ASUS Proprietary but Impressive OC Socket Examined – Is it even LGA 2011?
Update: New socket pictures show a lot more pins than just 6, you can check the link out in the comments below.
[Mini-Editorial] I was pretty impressed by ASUS’s recent innovation in the socket sector. I am talking ofcourse about the ASUS OC Socket, which boasts improved OC performance by granting the user more stability and higher voltage control thanks to more pins. Now while this all an impressive feat for an AIB to do, it begs the question whether we are looking at LGA 2011 at all.
Is the ASUS OC Socket Intel LGA 2011 at all? Or is it actually the ‘LGA 20XX’ Homegrown Socket?
The LGA 2011-3 is Intel’s Socket designed to be used with its HEDT Processors. Now the 2011 indicates the amounts of pins in the socket and the ‘3’ indicates the revision of the socket. Now that means that any LGA 2011 socket will have exactly 2011 pins. So is the ASUS OC Socket LGA 2011 then? Umm, no technically it is not. The ASUS OC Socket is compatible with the LGA 2011 but it is not in reality 2011. If you were to give it a name in Intel’s current nomenclature it would be LGA 2017 (the OC Socket has 6 additional pins apparently). Since ASUS has basically designed a completely new socket, I wouldn’t expect it to be rock solid and completely bug free at launch.
Let’s take a closer look at what exactly ASUS has accomplished. Haswell uses an FIVR (Fully Integrated Voltage Regulator) and as the new processor architectures have appeared, Intel has become more and more secretive about the workings of the pinouts. Not knowing where the voltage lines lay, ASUS basically bruteforced the entire contact points present on 2011 processors to figure out where the new pins should touch to grant unhindered access to voltage. The result? ASUS OC Socket lets you effectively bypass any FIVR compulsions Intel has in place. This means that you will be able to achieve higher and more stable overclocks probably at a lower voltage. I have a feeling ASUS might be a trend setter with this and seeing they already have a patent pending, might earn big bucks from it too.

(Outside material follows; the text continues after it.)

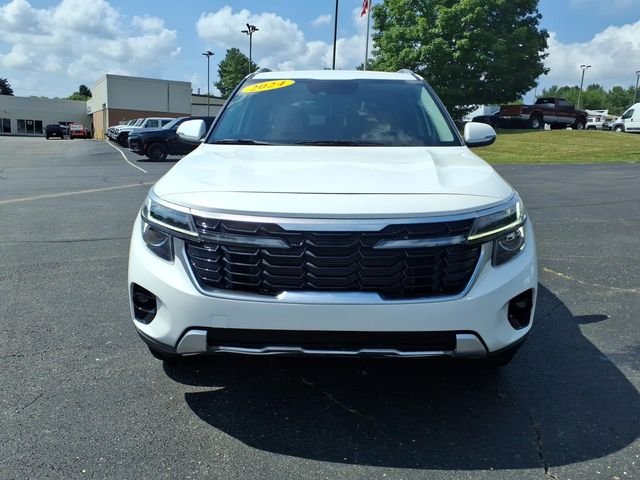 Used 2024 Snow White Pearl Kia EX image 2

And that’s not it either. We already know that Intel is dropping the FIVR, so it doesn’t come as a surprise that it is not that fine tuned because the extra pin outs on an ASUS Proprietary OC Socket allow access to voltage lines for DDR4 Voltage, enabling greater overclocking than you would normally be able to achieve. Now we didn’t receive an ASUS X99 Deluxe engineering sample so Overclockers.ru was kind enough to send us an image of the box art. They claim a 60% improvement in the CPU sector and 12.5% improvement (3000Mhz) for DDR4 RAM. Now there’s something else I noticed here, ASUS’s language is quite loose, these extra six pinouts might just be the six sections where the excess contacts are. Which means that there could be more or less than just six pins. Either way, you know the drill. Whatever the additional pin count is, add that to 2011 and you get the real name of the socket present in these special ASUS mobos.